Using that example, you will discover several instances where you need replaceable facilities. Most of the time, you will only be using one implementation of the facility, but you need the ability to upgrade it independently of the rest of the system. Other times, you will need alternate implementations due to environmental issues. For example, the "Data Source" that Excalibur defined will usually handle all the JDBC Connection pooling itself-but sometimes you want to take advantage of that facility built into a Java 2 Enterprise Edition (J2EE) server. Excalibur solves this by having a "Data Source" that directly pools and manages the JDBC connections, and one that uses Java's Naming and Directory Interface (JNDI) to get the specified connection.
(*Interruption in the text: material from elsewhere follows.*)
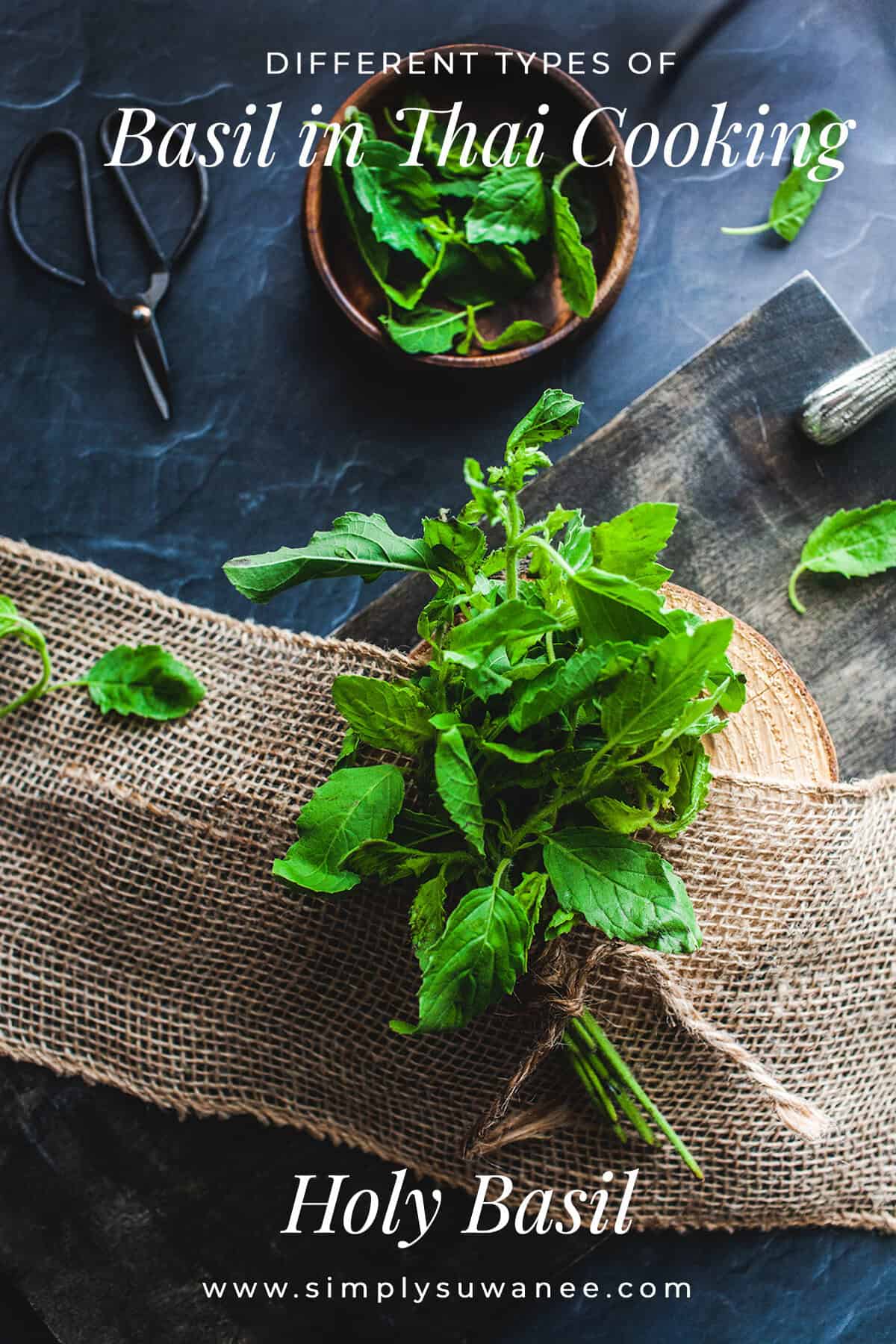 Holy basil plants on a cloth over a tray with text overlay that reads different types of basil in thai cooking, holy basil. 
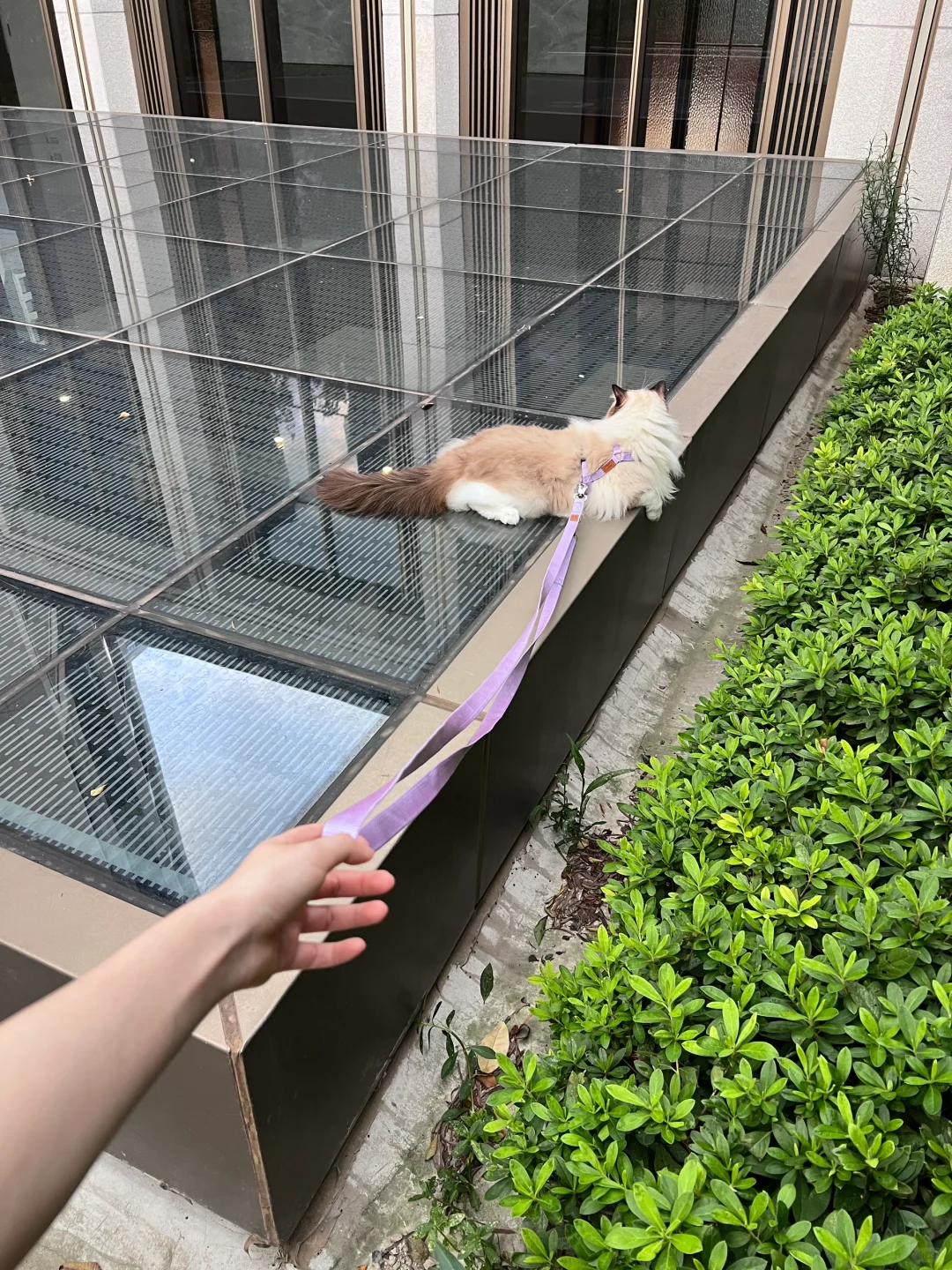 周末遛猫日常｜手冲咖啡和偶遇新狗子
People who are used to JavaBeans tend to implement everything as a JavaBean. This means everything from data modeling to transaction processing. If you used this approach with Components, you might end up with an overly complex system. Think of Components as modeling a service or facility, and not data. You could have a Component that pulls data from another resource, but the data should remain distinct as data. An example of this philosophy in Avalon Excalibur is the fact that the Connection is not a Component.
Another example could be the Guardian Component we specified earlier. It could be argued that the logic involved in the Guardian is so specific to the Document Repository Service that it could not be used again for a completely different service. While there are ways of managing the complexity, and ways of making it flexible-sometimes the extra work is not worth it. You have to weigh your decisions in such cases carefully. If the logic performed in a potential Component is going to be applied consistently then it might make sense to keep it a Component. There is room to have multiple instances of a Component in a system, and they would be selected at run time. If the logic for a potential Component is specific to only one other Component, it might be worth it to absorb the logic into the other Component. Using the example of the Guardian Component and the Repository Component, we could argue that our Guardian is so specific to the Repository, that it is not implemented as a Component.
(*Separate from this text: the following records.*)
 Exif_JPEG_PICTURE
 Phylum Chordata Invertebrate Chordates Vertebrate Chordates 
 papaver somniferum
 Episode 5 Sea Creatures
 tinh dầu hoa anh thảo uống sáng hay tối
We will list the Components that we are going to implement with a description of their roles, the rationale, and their origination (if the component already exists).
The DocumentRepository is the parent Component of the whole service. In Avalon, services are implemented as Blocks, which are a specific kind of Component. The Block must have a work interface that extends the Service marker interface. The Block interface also extends Avalon's Component interface. Please note that Block and Service are interfaces that are part of Avalon Phoenix. In the end, a Service is still technically just a specific type of Component.
The DocumentRepository is our method of getting Document objects from persistent storage. It interacts with the other Components in the service to provide security, functionality, and speed. This particular DocumentRepository will connect to a database and employ the logic to build the Document objects internally.
The DataSourceComponent is supplied by Avalon Excalibur. It is our method of retrieving valid JDBC Connection objects for our use.
At this point, you should have an idea of what makes a good Component. The examples describe all the Components that will be in the Document Repository Service, with a brief summary of what they will do. A quick glance through the list supports the approach of only implementing facilities as Components -- not data. At this point, you should be able to determine what components your services need to operate.